Data for processing:
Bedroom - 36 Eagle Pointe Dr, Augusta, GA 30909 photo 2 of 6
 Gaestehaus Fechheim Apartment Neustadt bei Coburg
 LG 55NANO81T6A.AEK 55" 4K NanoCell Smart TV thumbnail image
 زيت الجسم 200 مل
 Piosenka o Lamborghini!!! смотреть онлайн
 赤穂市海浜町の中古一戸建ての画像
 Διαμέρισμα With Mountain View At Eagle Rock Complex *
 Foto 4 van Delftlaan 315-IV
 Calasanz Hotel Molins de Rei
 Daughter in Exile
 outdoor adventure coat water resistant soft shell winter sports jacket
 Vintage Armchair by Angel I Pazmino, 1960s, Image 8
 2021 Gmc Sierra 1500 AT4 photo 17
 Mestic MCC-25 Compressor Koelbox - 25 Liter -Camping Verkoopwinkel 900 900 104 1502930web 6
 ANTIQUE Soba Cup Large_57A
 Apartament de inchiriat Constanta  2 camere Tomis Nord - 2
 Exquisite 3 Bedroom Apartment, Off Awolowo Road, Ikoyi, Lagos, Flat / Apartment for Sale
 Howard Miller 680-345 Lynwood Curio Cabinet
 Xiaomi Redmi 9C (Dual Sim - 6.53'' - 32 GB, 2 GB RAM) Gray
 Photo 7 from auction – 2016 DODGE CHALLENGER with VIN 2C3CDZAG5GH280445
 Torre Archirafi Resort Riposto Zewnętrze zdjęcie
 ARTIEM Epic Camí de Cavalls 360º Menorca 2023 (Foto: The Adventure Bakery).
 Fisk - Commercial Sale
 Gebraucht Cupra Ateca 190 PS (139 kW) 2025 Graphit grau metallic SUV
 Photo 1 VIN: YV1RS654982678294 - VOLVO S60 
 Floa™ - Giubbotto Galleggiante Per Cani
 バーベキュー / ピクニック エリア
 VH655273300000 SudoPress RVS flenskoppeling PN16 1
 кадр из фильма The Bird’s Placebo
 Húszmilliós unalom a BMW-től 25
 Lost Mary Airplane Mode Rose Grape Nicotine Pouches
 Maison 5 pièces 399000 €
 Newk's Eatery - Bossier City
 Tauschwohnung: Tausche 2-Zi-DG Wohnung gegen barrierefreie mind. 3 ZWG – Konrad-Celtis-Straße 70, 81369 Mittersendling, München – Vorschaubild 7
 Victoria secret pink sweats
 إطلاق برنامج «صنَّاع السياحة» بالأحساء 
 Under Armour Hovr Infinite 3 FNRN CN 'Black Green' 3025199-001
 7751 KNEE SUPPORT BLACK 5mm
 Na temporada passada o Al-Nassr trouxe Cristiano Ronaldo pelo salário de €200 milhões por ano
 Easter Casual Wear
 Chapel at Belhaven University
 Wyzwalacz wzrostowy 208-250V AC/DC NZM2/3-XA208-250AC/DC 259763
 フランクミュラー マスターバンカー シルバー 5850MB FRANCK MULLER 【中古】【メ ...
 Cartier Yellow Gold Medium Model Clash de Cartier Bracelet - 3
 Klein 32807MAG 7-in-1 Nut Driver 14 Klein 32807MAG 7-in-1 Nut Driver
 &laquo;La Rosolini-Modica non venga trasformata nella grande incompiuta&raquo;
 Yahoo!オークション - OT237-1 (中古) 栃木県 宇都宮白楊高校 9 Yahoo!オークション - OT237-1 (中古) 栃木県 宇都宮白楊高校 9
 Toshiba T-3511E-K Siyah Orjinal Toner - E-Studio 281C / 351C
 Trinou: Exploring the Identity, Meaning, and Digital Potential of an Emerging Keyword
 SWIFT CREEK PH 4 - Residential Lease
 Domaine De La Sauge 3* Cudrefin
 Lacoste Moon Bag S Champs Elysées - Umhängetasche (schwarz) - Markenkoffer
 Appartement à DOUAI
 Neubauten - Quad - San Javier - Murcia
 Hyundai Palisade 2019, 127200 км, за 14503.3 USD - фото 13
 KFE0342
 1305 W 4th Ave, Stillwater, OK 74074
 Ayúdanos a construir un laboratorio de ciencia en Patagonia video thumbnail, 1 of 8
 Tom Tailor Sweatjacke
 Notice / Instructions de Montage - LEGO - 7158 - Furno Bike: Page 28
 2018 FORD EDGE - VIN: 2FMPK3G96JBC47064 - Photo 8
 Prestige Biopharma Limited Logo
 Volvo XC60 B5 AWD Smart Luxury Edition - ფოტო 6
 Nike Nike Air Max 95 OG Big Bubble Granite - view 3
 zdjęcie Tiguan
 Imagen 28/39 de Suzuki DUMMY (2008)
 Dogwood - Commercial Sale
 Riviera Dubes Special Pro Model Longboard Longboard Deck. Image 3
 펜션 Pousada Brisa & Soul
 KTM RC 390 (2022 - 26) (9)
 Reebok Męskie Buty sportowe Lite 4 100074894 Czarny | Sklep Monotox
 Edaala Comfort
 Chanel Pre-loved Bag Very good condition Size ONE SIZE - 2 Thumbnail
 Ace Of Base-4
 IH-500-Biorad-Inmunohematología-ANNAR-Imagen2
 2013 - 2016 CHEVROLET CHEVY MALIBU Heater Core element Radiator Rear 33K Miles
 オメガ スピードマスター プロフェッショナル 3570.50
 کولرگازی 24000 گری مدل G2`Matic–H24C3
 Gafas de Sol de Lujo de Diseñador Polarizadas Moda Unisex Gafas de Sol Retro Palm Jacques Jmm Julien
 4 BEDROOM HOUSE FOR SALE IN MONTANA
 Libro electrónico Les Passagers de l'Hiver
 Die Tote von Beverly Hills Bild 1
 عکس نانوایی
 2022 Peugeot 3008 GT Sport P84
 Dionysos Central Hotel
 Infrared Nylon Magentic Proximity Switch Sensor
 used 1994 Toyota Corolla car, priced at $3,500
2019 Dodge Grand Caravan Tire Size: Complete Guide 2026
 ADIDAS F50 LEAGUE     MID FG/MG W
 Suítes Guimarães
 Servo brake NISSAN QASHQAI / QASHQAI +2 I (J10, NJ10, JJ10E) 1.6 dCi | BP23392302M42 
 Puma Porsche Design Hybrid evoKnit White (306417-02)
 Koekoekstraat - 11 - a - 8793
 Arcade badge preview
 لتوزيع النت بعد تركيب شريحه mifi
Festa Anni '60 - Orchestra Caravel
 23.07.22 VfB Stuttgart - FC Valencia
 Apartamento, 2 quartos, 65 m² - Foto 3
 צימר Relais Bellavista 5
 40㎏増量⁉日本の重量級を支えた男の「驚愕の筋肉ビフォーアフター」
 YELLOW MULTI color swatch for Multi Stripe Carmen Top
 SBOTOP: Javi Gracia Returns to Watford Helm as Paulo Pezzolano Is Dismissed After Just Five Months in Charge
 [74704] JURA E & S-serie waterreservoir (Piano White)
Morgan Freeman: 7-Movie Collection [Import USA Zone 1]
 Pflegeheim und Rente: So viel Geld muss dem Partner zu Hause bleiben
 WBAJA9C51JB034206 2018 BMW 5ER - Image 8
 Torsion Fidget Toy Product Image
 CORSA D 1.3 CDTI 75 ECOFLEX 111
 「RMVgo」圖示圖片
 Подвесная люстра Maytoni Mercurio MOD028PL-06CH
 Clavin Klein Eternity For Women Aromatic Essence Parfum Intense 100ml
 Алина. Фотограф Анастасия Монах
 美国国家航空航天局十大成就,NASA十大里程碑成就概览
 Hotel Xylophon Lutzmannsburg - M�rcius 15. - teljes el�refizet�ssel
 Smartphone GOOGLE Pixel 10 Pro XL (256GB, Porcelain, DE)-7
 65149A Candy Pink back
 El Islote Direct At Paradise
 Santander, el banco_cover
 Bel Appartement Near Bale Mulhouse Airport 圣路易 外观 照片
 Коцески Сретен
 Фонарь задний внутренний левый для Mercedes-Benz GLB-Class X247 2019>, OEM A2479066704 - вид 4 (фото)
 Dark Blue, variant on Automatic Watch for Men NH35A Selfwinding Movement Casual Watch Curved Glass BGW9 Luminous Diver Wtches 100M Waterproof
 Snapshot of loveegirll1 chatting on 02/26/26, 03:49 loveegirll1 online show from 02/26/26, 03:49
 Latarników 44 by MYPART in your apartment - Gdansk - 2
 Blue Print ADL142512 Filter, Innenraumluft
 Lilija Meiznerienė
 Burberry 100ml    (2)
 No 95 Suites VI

Exercise:
Reproduce the entries above exactly, but only the lines between the line holding "Foto 4 van Delftlaan 315-IV" and the line holding "Fisk - Commercial Sale", inclusive.

Response box:
 Foto 4 van Delftlaan 315-IV
 Calasanz Hotel Molins de Rei
 Daughter in Exile
 outdoor adventure coat water resistant soft shell winter sports jacket
 Vintage Armchair by Angel I Pazmino, 1960s, Image 8
 2021 Gmc Sierra 1500 AT4 photo 17
 Mestic MCC-25 Compressor Koelbox - 25 Liter -Camping Verkoopwinkel 900 900 104 1502930web 6
 ANTIQUE Soba Cup Large_57A
 Apartament de inchiriat Constanta  2 camere Tomis Nord - 2
 Exquisite 3 Bedroom Apartment, Off Awolowo Road, Ikoyi, Lagos, Flat / Apartment for Sale
 Howard Miller 680-345 Lynwood Curio Cabinet
 Xiaomi Redmi 9C (Dual Sim - 6.53'' - 32 GB, 2 GB RAM) Gray
 Photo 7 from auction – 2016 DODGE CHALLENGER with VIN 2C3CDZAG5GH280445
 Torre Archirafi Resort Riposto Zewnętrze zdjęcie
 ARTIEM Epic Camí de Cavalls 360º Menorca 2023 (Foto: The Adventure Bakery).
 Fisk - Commercial Sale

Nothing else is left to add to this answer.